Nasza publikacja na temat tymczasowego ronda na skrzyżowaniu ulicy Łęczyckiej, Grottgera i Rawskiej wywołała gorącą dyskusję wśród Czytelników. - Koszt 100 tysięcy złotych, za co? - pytali w komentarzach. Dzisiaj urzędnicy na komisji gospodarki miasta tłumaczyli, skąd te koszty.
Urzędnicy wycenili jego budowę na około 100 tysięcy złotych. Skąd taka kwota? - Zakres robót będzie obejmował zwężenie wlotów na skrzyżowanie do jednego pasa ruchu, zmianę lokalizacji przejść dla pieszych w obrębie skrzyżowania wraz z pełnym oznakowaniem poziomym i pionowym, likwidację części wysepek z wykonaniem w ich miejsce nawierzchni bitumicznej, wykonanie nowych chodników w obrębie skrzyżowania i zmianę organizacji ruchu na skrzyżowaniu – wyliczał Tomasz Stemporzecki.

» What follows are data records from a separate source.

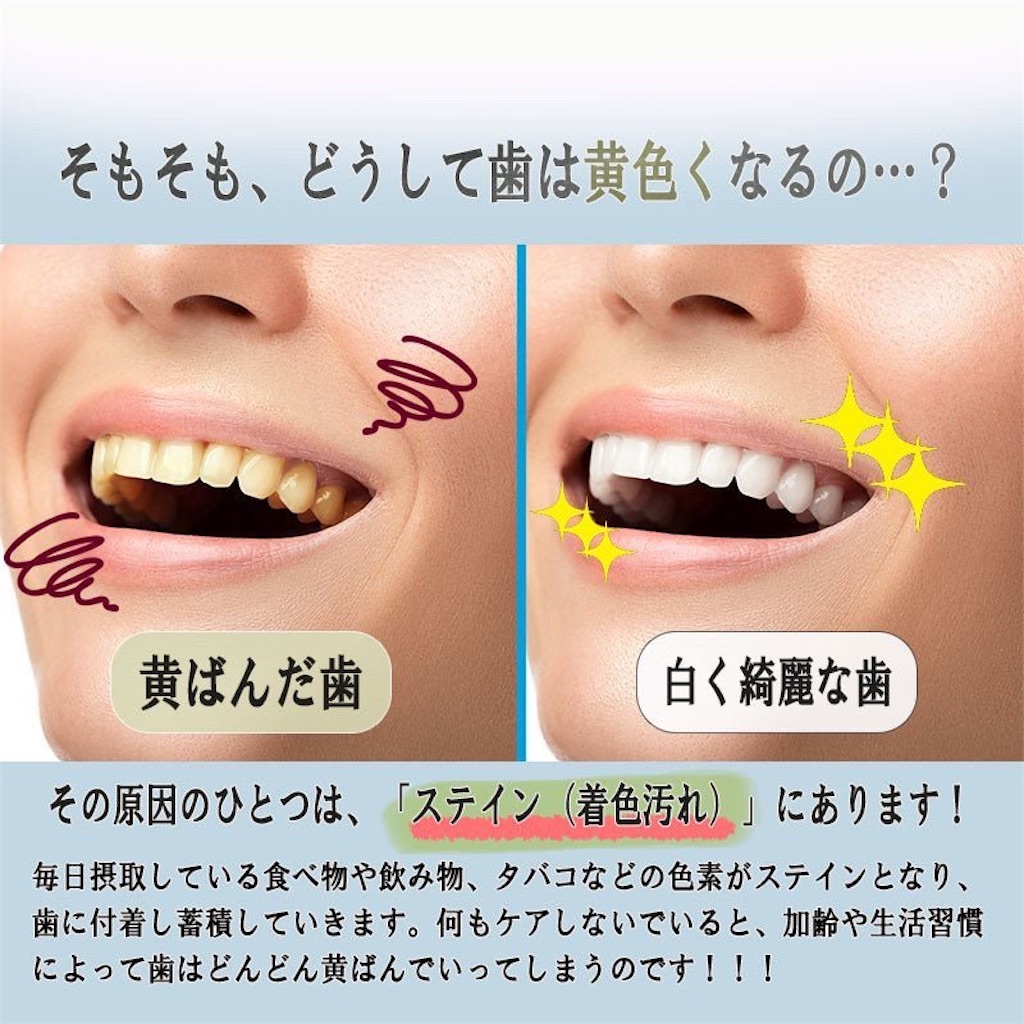 f:id:takeshi10:20251030134553j:image f:id:takeshi10:20251030134553j:image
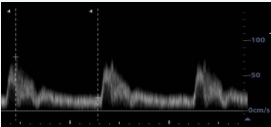  Speed spectrum for data and scale extraction.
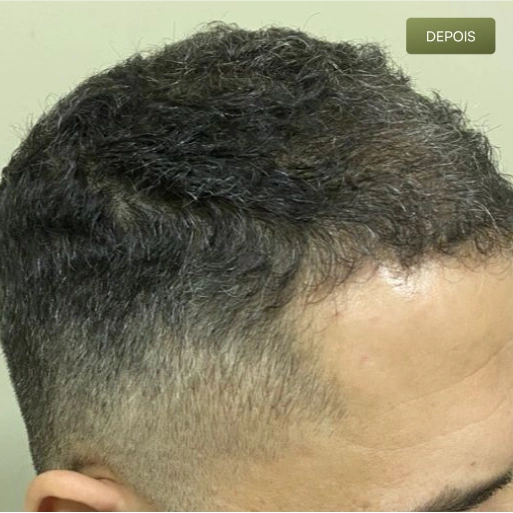 04 Depois-(Compressify.io)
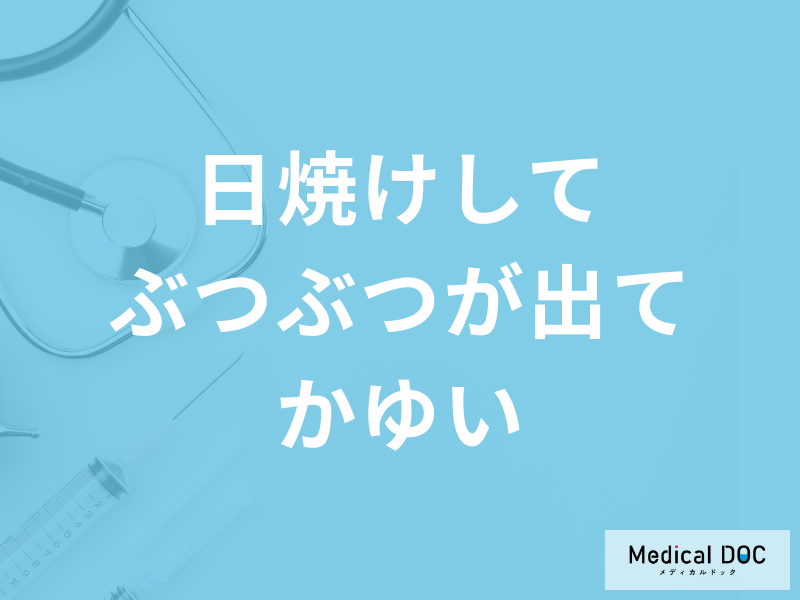 「日焼けしてぶつぶつが出てかゆい」ときの対処法は?日焼け止めについても解説!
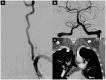 Fig 2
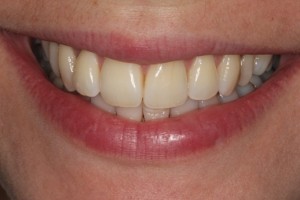 Yellow teeth, discoloured teeth
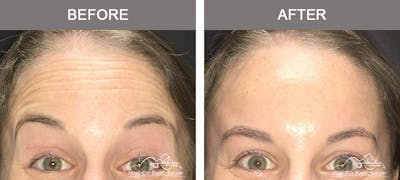 Dysport or Botox Before & After Gallery - Patient 208828 - Image 1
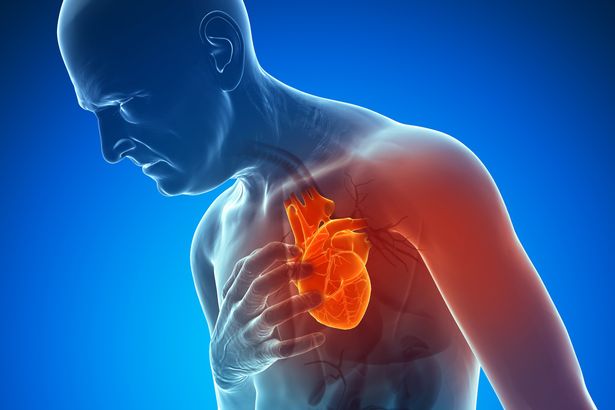 Canadian_Stats's tweet photo. Heart attacks are due to coronary artery disease. This disease is caused by atherosclerosis because it affects the arteries that supply blood to the heart.
Strokes are due to atherosclerosis because it affects the arteries that supply blood to the brain. https://t.co/knoPtejuCA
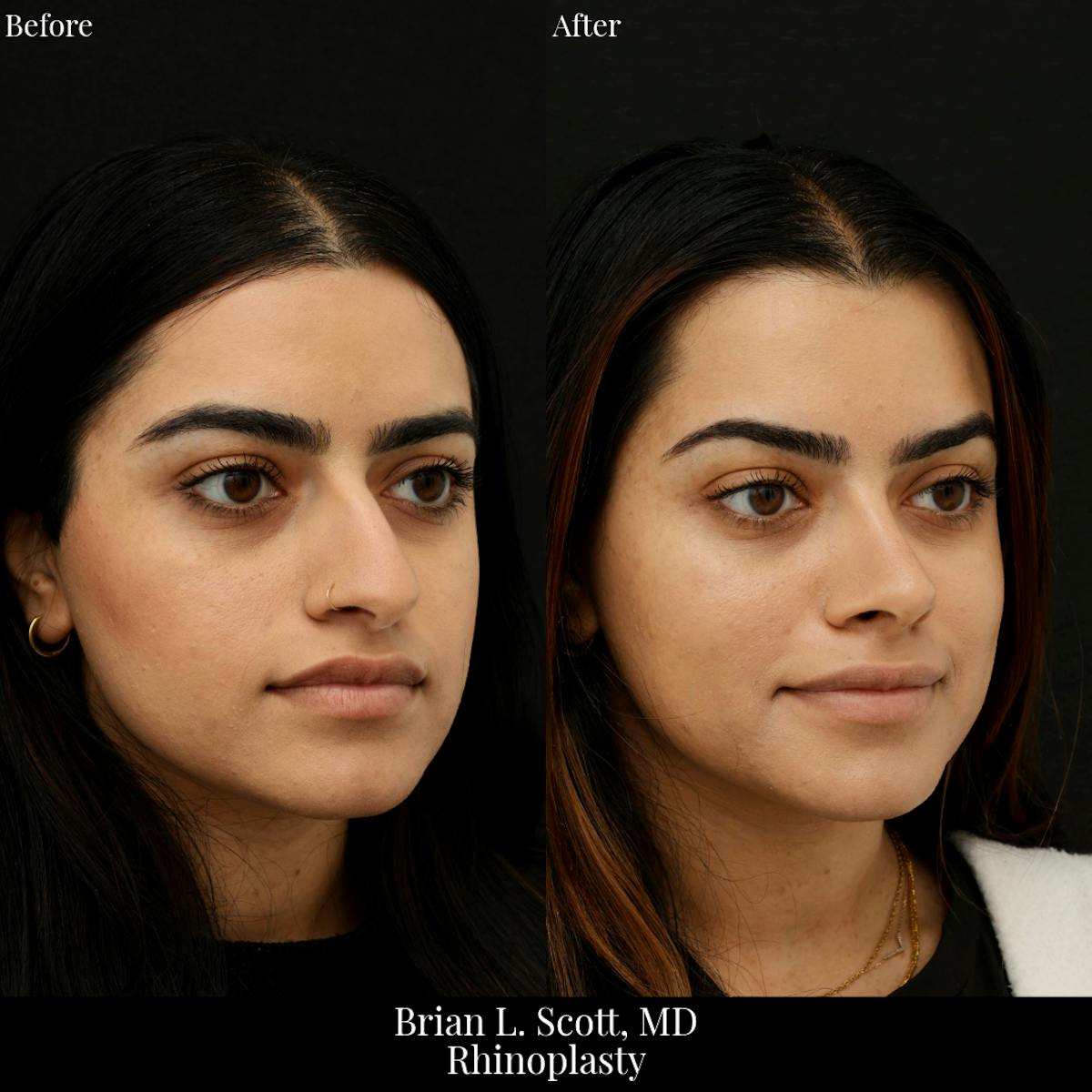 Rhinoplasty Before & After Gallery - Patient 221637 - Image 2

70 tysięcy złotych mają kosztować prace związane z nawierzchnią, 10 tysięcy – odwodnienie, 20 tysięcy prace związane ze zmianą oznakowania. - W projekcie jedno z czterech obecnych przejść dla pieszych zostało zlikwidowane, ale sprawa nie jest jeszcze przesądzona – dodaje urzędnik.
By rondo mogło powstać jeszcze w tym roku, potrzebna jest decyzja Rady Miejskiej, która ma zapaść na czwartkowej sesji. Chodzi o poprawkę w budżecie miasta, która uwzględnia przeznaczenie 100 tysięcy złotych na budowę tymczasowego ronda.